La Svizzera ha sviluppato negli anni una rete capillare di accordi di libero scambio con una quarantina di paesi essenziali per la nostra economia.
La Svizzera è pure un paese che vede crescere l’importanza di mercati quali gli Stati Uniti, l’area asiatica e l’America del sud, senza dimenticare alcuni paesi dell’Est europeo. Ma l’Unione europea continua a restare il nostro principale partner politico e commerciale. Attendiamo di sentire dalle parole del Consigliere federale Ignazio Cassis il suo pensiero sull’impostazione della politica europea del Consiglio federale. Finalmente, e lo dico con sincero sollievo, il popolo svizzero sarà chiamato entro pochi anni a esprimersi sul quesito decisivo.
L’Unione democratica di centro dopo molte titubanze, si è infine decisa a chiedere in modo chiaro alle cittadine e ai cittadini svizzeri se vogliono mantenere oppure abbandonare il sistema degli accordi bilaterali che regolano le relazioni far la Svizzera e l’Unione europea. Per noi imprenditori la risposta è chiara, perché gli accordi bilaterali hanno portato più vantaggi che svantaggi, anche all’economia e alla popolazione ticinese nonostante i molti pareri contrari, tuttavia mai suffragati dalla realtà delle cifre.
Dal Consiglio federale anche le imprese ticinesi si attendono pertanto ogni sforzo tangibile e intangibile per mantenere l’apparato degli accordi bilaterali.
Gli imprenditori svizzeri e stranieri che investono in Svizzera hanno bisogno di stabilità. Quella stabilità tipicamente elvetica – delle norme giuridiche, politica, economica e monetaria e non ultimo sociale – che è un fattore d’attrazione per gli investimenti esteri nel nostro paese.

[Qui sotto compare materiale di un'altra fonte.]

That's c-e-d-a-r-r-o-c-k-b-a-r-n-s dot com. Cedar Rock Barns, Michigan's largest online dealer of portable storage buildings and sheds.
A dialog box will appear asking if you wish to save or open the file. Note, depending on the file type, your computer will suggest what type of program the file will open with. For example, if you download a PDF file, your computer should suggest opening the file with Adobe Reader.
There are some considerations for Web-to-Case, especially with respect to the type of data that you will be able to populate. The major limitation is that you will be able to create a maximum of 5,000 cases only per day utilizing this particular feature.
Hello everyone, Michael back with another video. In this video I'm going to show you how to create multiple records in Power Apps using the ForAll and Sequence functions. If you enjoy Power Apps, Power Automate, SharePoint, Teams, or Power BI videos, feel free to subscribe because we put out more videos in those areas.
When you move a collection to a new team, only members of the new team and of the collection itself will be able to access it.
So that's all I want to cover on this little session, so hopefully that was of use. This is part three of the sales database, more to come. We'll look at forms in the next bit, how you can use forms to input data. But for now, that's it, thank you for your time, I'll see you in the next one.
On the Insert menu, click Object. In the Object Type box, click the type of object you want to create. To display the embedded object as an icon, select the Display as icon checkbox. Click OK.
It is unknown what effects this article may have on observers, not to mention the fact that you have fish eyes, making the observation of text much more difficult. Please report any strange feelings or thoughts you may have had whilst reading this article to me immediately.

Al Consiglio federale gli imprenditori ticinesi chiedono una politica estera e una politica economica esterna moderne e orientate ai nuovi paradigmi di crescita economica e sociale a livello mondiale: tutela degli interessi economici elvetici nel mondo; sviluppo delle relazioni economiche e politiche anche al di fuori dell’Europa verso le nuove economie emergenti; garanzia dell’approvvigionamento energetico del paese; sostegno ai processi d’innovazione anche in un’ottica di collaborazione a livello internazionale fra imprese e fra istituzioni accademiche.

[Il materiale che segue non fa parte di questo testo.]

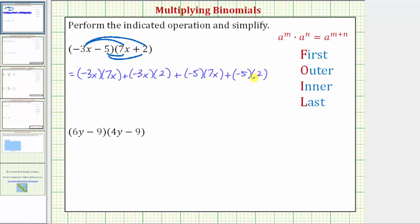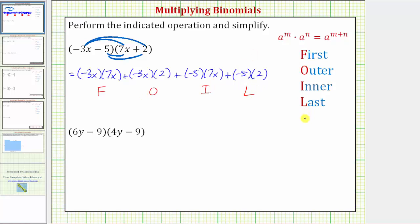Now before we find these products, let's quickly go over the idea of FOIL. The F stands for the product of the first terms in the binomials, which would be negative three x times seven x. The O stands for the product of the outer terms, which would be negative three x times two. The I stands for the product of the inner terms, which is negative five times seven x. And the L stands for the product of the last terms, which is negative five times two. But this acronym only works when multiplying two binomials — when multiplying other polynomials it doesn't work, but the idea of distribution still does.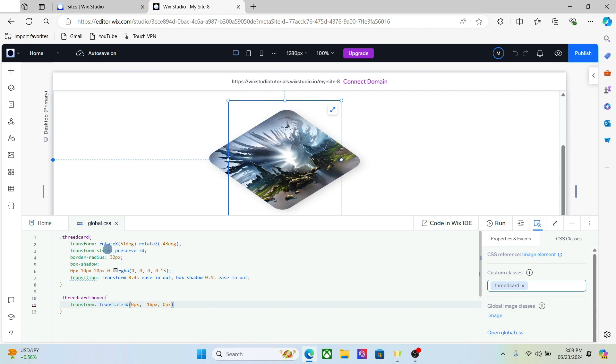One more thing we're going to do is add the rotation. So just copy the original rotation from the 3D card and paste it as it is.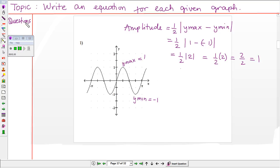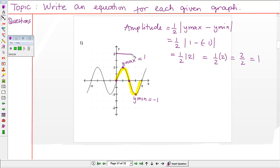Next, we want to find the period of the graph. To do that, we look at the pattern of the graph. The pattern has five points: y equals zero, y equals one, y equals zero, y equals negative one, and y equals zero — then it repeats. From this pattern we can identify the period of the graph, which is pi.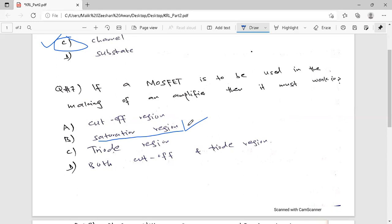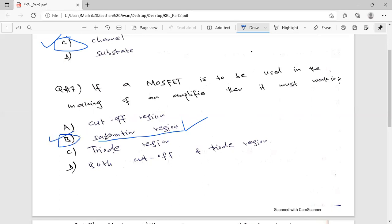When we talk about bipolar junction transistors, we know that if we want to use MOSFET as an amplifier, it must be operated in the saturation region. So option B is the correct answer.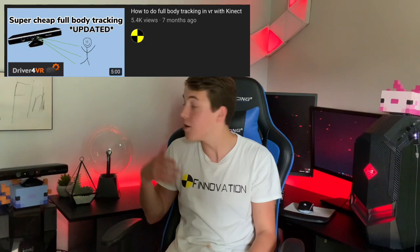Hello everyone, it's Finnovation. A little while back I made a video on how to do full body tracking with the Xbox Kinect for a VR headset. A lot has changed since then, so I wanted to make an updated tutorial. There are two softwares, and the obvious question is: what's the difference between them and how do you set them up? In this video I'm going to show you exactly that — how to set both of them up, and then do a comparison on which one you should get.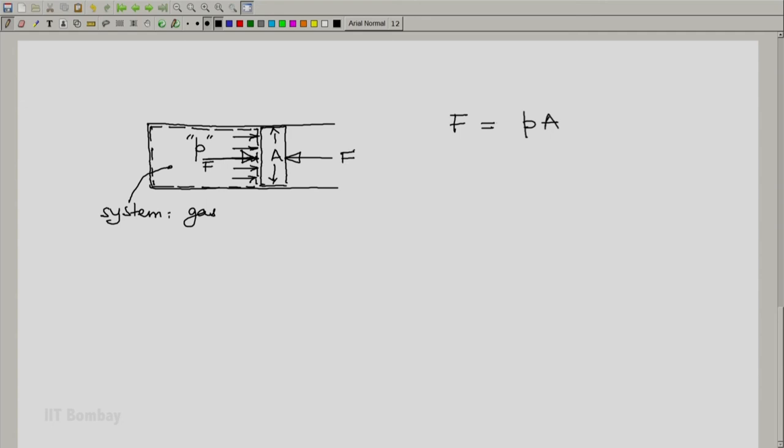Maybe I am holding it so that it does not fly off. And if I relax myself a bit, the piston will move by a distance dx. That is the displacement of the piston.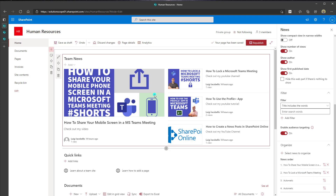That's it — this was just a quick tutorial showing you how to add a news web part to a SharePoint Online site. I hope you found this tutorial helpful. If you did, please like it and be sure to subscribe to my channel to stay up to date on the latest SharePoint Online tutorials. I'm Louie Akabalas — thanks for stopping by, talk soon.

Tutto questo mantenendo naturalmente al centro dell’attenzione le nostre relazioni con l’Unione europea. Non esistono alternative credibili agli accordi bilaterali.
Diffidiamo dagli apprendisti stregoni e da chi preconizza un’autarchia della Svizzera, che farebbe scomparire in men che non si dica quanto di buono il nostro paese ha costruito nei secoli e nei decenni e che ha fatto la nostra fortuna. Dietro il “Made in Switzerland” non c’è chiusura, non c’è protezionismo. C’è invece il successo di un piccolo paese che è una delle potenze economiche del mondo, non per disgrazia altrui bensì per capacità proprie.

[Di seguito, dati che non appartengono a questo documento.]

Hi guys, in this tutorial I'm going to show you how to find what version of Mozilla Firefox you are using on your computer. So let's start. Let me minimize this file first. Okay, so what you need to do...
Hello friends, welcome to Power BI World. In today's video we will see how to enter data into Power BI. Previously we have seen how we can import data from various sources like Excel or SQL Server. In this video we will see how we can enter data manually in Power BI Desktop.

Gli imprenditori sono abituati a fare impresa con le regole a loro disposizione. Ma ciò non significa che si sia disposti ad accettare di tutto. Il vento della congiuntura volge al bello in questo 2018 anche se gli strascichi delle crisi economiche degli ultimi anni e del rafforzamento del franco svizzero non ci hanno abbandonato. Il contributo dell’industria nell’economia elvetica è importante e tutti devono adoperarsi per rafforzare la base produttiva nel nostro paese.
Se abbiamo superato tutti i momenti difficili dopo l’avvento degli accordi bilaterali Svizzera-UE lo dobbiamo a molti fattori, ma una buona parte del merito va riconosciuta agli imprenditori. Ma anche a uno splendido paese, la Svizzera, che continua a rappresentare nel mondo un grande laboratorio di esperienze, di convivenza fra religioni e culture differenti, di capacità professionali e innovative straordinarie. Signore e signori, questa è la Svizzera che vogliamo per cui adoperiamoci tutti affinché tale rimanga.
Buon lavoro, buoni affari e grazie dell’attenzione.